Exercise objective:
Starting at the line with "75 Sunseeker Yacht" and ending at the line with "Naklejka premium Deep", print exactly the lines of the entries below. Pictures do not belong in the copy.

Data in this exercise:
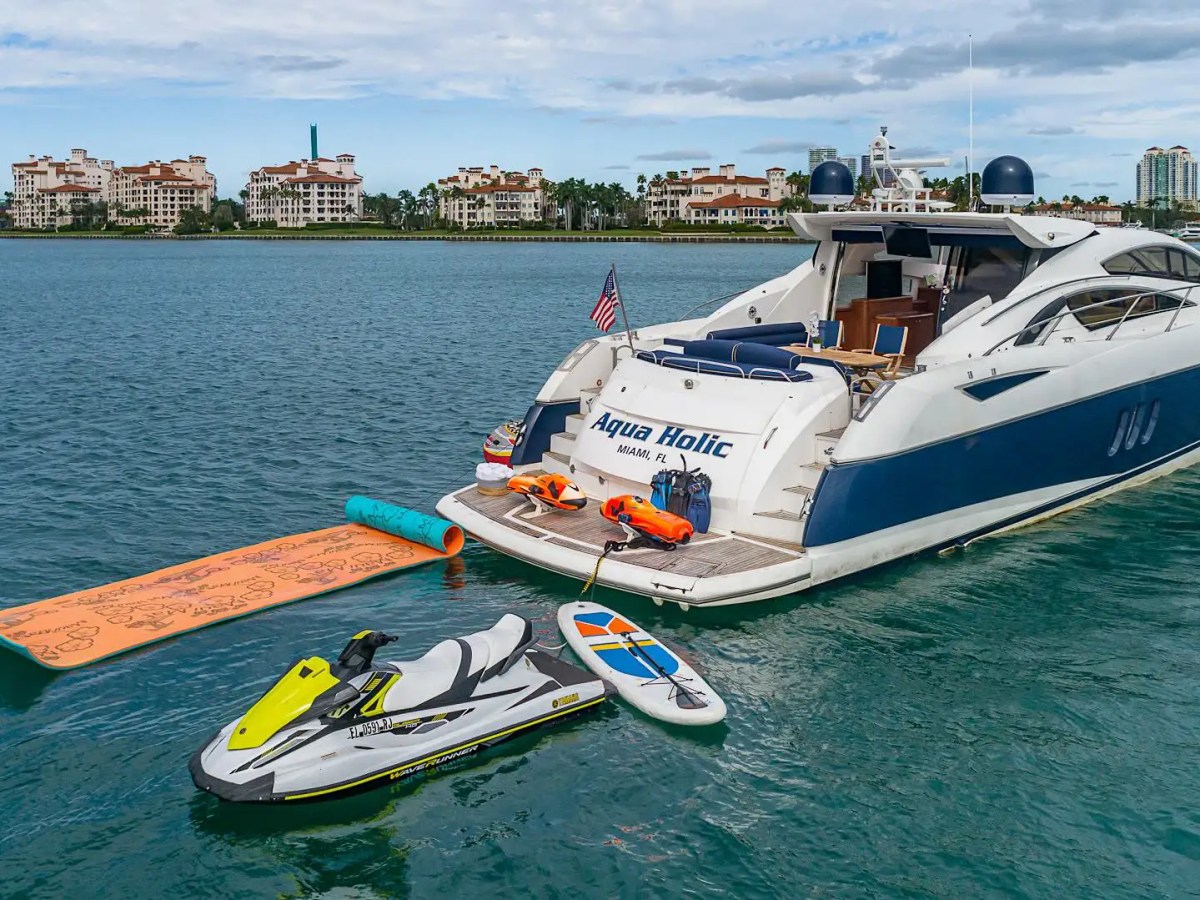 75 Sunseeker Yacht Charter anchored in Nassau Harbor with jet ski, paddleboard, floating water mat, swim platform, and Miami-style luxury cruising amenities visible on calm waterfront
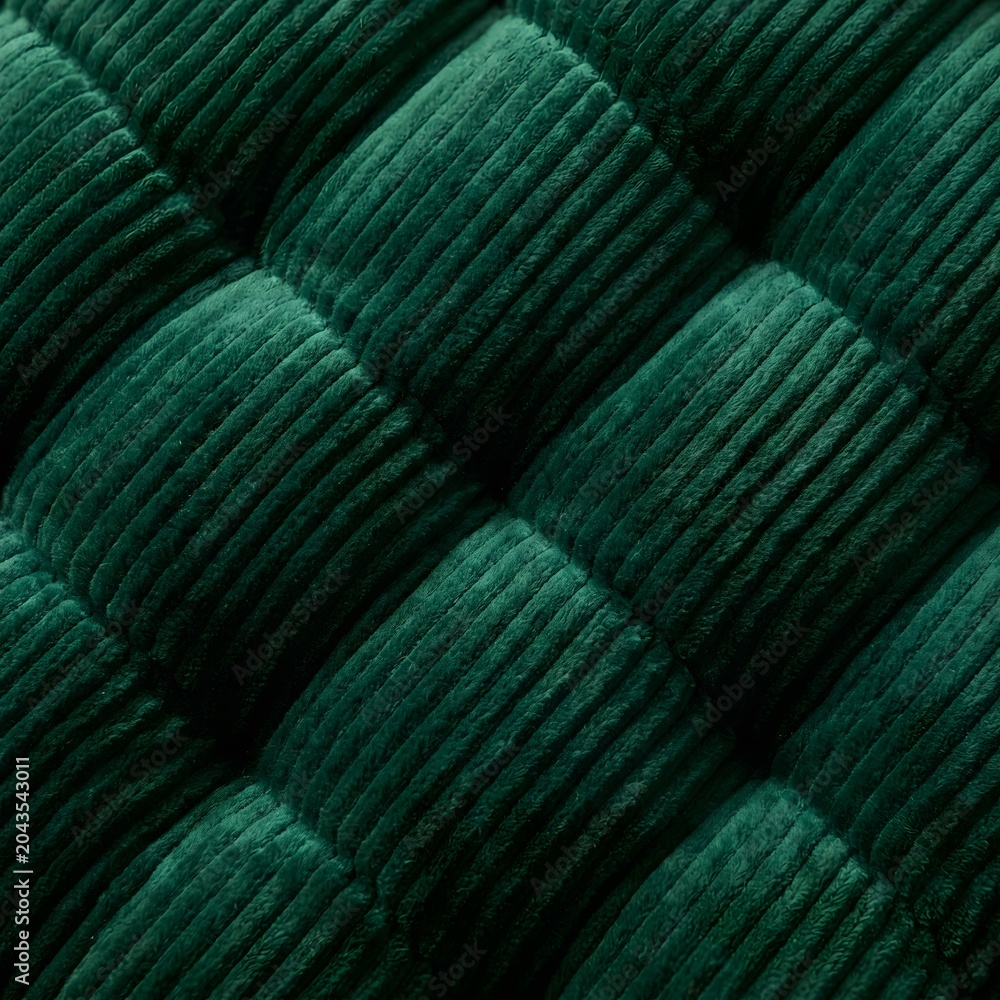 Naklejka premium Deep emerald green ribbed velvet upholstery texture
--
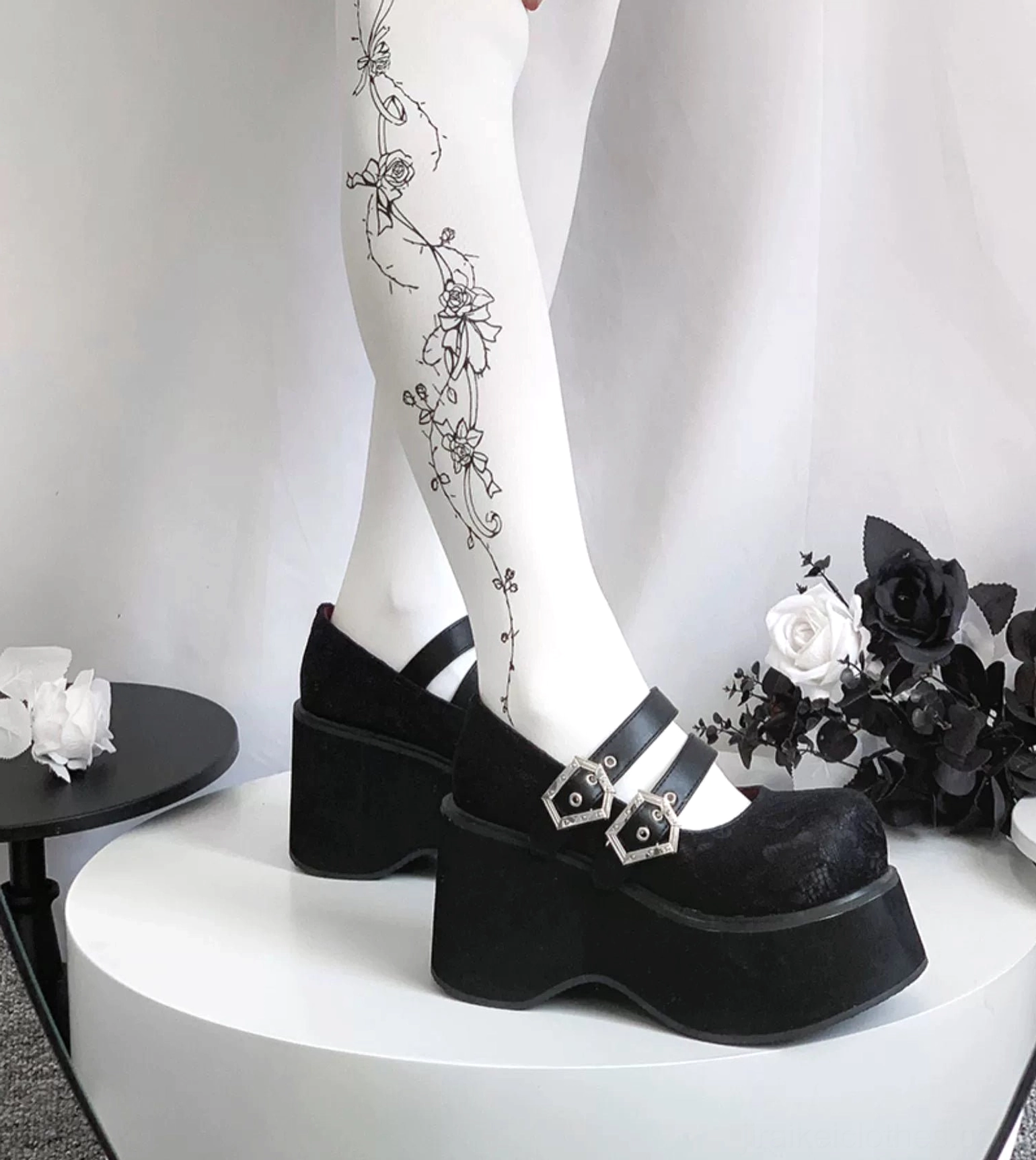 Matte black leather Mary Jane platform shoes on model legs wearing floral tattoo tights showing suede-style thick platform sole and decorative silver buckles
==
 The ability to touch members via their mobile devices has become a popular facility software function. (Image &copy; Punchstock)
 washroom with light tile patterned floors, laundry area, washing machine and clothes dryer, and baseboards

Output:
 75 Sunseeker Yacht Charter anchored in Nassau Harbor with jet ski, paddleboard, floating water mat, swim platform, and Miami-style luxury cruising amenities visible on calm waterfront
 Naklejka premium Deep emerald green ribbed velvet upholstery texture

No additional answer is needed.